■ Entries shown
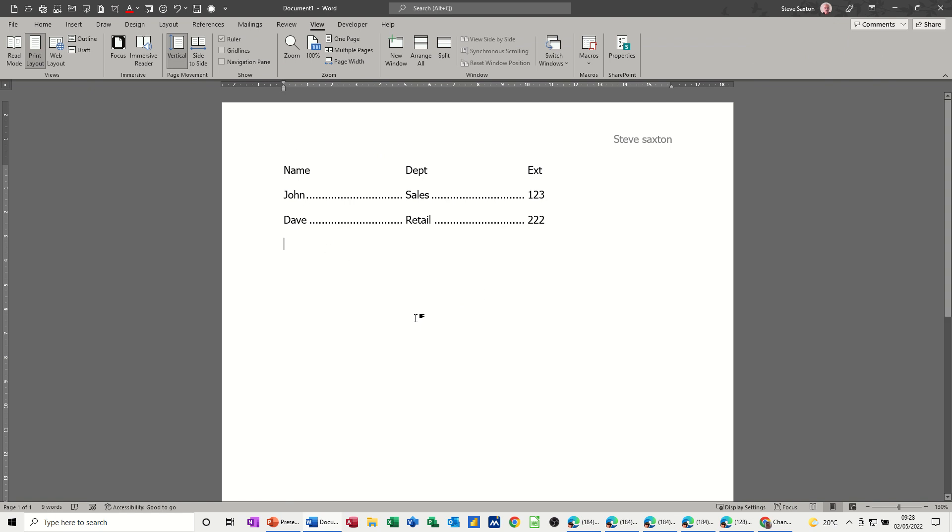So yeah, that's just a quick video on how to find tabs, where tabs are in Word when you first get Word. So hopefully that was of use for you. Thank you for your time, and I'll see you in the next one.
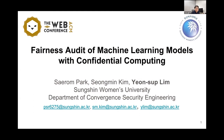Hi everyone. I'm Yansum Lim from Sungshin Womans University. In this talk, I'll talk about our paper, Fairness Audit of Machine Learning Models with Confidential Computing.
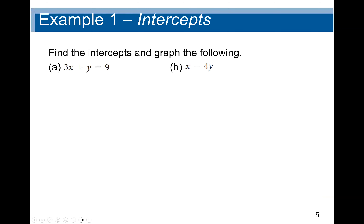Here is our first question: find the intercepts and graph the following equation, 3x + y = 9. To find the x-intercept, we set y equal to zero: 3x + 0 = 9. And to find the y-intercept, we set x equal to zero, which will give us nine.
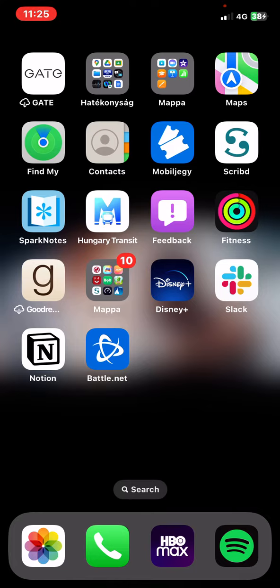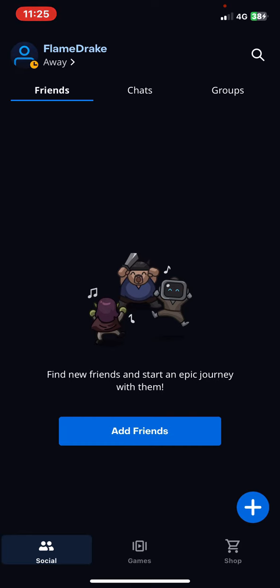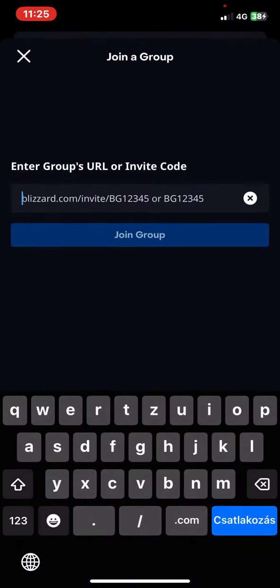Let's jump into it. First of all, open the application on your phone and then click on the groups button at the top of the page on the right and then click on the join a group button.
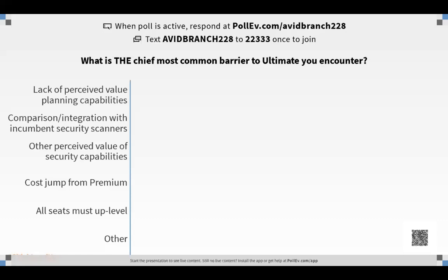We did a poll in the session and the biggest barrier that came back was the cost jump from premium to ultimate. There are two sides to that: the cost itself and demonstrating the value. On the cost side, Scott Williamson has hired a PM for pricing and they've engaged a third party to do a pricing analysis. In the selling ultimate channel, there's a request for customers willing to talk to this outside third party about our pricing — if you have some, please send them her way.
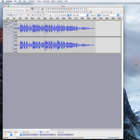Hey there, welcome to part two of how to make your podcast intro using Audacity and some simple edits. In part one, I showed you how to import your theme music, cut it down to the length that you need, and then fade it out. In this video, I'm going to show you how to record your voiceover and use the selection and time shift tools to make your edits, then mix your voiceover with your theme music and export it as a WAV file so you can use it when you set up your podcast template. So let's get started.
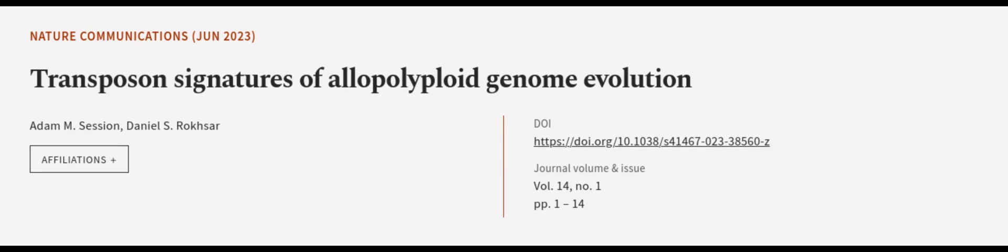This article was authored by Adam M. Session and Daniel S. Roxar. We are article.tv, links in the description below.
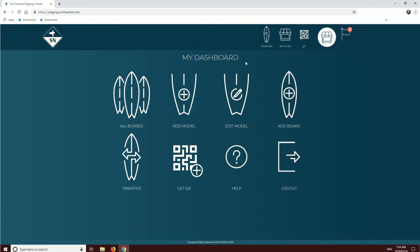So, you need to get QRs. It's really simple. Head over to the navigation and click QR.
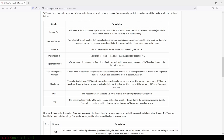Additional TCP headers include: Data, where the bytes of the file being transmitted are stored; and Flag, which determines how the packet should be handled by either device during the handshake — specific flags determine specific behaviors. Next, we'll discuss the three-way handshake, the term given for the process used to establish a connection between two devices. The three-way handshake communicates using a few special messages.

■ What you have to do
Give back the material exactly as written, from its first line to the line that contains "Let's jump into", and leave out the pictures.

■ Answer below
So yeah, that's just a quick video on how to find tabs, where tabs are in Word when you first get Word. So hopefully that was of use for you. Thank you for your time, and I'll see you in the next one.
Hi everyone. I'm Yansum Lim from Sungshin Womans University. In this talk, I'll talk about our paper, Fairness Audit of Machine Learning Models with Confidential Computing.
Here is our first question: find the intercepts and graph the following equation, 3x + y = 9. To find the x-intercept, we set y equal to zero: 3x + 0 = 9. And to find the y-intercept, we set x equal to zero, which will give us nine.
Let's jump into it. First of all, open the application on your phone and then click on the groups button at the top of the page on the right and then click on the join a group button.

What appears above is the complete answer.